I will use small cameras and computer vision to detect the quantify of people present and how many of them are gazing at a specific point, and reveal parts of the piece using motors and other physical controls.
For me this addresses a personal issue I’ve had since I was a kid - my mother has told me that when we went to theme parks, I already wanted to get on the next ride before the current one was finished. This urge to jump from one thing to the other has stayed with me since then, and hasn’t been helped the least bit by push notifications and rapid-fire content consumption. I also notice quite often at museums my mind is elsewhere, and I look at everything for a few seconds before moving on.
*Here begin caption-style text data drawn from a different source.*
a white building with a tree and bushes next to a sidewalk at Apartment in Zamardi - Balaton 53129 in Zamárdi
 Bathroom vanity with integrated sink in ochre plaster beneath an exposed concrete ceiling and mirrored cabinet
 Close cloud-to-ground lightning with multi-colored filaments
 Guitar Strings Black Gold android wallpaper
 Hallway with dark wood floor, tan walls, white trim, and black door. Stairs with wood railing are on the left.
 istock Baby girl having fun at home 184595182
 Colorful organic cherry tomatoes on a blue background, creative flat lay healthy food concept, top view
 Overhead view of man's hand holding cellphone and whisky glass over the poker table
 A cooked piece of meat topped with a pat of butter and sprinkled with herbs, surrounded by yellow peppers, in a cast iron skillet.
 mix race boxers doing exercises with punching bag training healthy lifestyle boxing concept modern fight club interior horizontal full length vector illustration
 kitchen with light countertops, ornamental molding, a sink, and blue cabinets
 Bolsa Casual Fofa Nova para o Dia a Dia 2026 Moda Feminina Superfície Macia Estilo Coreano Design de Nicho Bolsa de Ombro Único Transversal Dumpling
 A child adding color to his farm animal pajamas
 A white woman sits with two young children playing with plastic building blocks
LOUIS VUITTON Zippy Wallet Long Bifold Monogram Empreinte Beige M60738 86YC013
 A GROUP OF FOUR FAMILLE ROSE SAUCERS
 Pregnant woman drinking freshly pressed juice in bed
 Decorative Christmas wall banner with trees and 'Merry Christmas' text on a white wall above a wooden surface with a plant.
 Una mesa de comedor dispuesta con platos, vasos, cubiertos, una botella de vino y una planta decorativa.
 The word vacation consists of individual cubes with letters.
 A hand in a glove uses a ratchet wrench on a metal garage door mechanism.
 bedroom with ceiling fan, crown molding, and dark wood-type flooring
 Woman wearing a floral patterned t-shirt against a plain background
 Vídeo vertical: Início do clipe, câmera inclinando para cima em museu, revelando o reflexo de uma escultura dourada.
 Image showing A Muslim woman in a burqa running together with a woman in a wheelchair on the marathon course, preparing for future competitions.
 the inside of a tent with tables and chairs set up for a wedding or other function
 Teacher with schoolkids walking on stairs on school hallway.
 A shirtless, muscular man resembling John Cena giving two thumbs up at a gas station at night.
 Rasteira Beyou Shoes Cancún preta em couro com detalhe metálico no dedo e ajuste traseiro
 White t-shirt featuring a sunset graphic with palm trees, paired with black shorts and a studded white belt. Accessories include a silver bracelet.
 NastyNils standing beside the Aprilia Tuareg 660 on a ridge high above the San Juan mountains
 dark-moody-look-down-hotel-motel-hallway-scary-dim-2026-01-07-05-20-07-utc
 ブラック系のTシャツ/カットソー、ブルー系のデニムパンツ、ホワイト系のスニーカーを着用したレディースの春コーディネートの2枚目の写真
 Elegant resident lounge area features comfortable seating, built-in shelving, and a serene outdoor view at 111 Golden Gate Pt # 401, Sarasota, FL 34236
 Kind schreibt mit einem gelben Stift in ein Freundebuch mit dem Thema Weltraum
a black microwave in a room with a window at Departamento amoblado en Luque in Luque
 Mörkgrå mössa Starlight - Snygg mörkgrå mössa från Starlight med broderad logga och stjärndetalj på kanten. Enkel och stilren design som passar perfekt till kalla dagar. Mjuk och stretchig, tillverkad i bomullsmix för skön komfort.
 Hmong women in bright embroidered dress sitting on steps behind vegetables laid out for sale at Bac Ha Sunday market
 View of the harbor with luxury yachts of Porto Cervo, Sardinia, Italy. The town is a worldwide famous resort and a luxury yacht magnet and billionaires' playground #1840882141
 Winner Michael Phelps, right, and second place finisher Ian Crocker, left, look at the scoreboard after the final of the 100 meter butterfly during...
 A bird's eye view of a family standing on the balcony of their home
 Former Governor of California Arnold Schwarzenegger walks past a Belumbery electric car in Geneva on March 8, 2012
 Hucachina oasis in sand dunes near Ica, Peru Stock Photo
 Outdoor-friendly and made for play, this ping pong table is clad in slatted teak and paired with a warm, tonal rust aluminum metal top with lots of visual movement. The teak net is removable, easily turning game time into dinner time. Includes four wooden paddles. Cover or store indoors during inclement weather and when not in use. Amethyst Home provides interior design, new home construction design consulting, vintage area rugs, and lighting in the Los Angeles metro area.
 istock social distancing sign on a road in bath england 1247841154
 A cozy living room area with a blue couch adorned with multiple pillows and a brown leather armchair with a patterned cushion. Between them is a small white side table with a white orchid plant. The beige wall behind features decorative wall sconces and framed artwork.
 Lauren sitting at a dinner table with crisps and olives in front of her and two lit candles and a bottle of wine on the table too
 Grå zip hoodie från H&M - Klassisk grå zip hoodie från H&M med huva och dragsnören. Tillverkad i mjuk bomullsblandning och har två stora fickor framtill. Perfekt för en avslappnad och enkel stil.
It would be interesting to challenge the user to remain in front of a piece and be present with it.
Much of the implementation will be based on incredible research from 2016 called Eye Tracking for Everyone by Kyle Krafk, A. Khosla, et. al at MIT and Univerity of Georgia, where they were able to train a convolutional neural network to detect where a user is gazing on an IPhone or tablet using just the stock camera with 1.71 cm accuracy. They were able to compress the network to run in real-time (10-15fps) on a mobile device.
They built an impressive and massive database to train and test this network - 1,450 people and almost 2.5M frames by using Mechanical Turk to source participants and an app that recorded where a user was looking when a red dot was moved on the screen.
They’ve provided the pre-trained models - I will attempt to run these models in real time to determine if a user is looking at a specific point.
This model takes as inputs: a picture of the face, a picture of each eye, and the position of the face within the picture. The network learns to triangulate this data and determine where the eyes are gazing.
As the first step of our implementation, Ie need to extract the face and eye positions. The paper says they did it using Apple’s Core Image face detection.
I don’t want to necessarily be bound to apple to build this, but could resort to using a mac mini if we see other methods are not working well. For now, I prototyped extracting face and eye positions using processing and opencv. It works decently well - there are some bugs in how I place the eye boxes.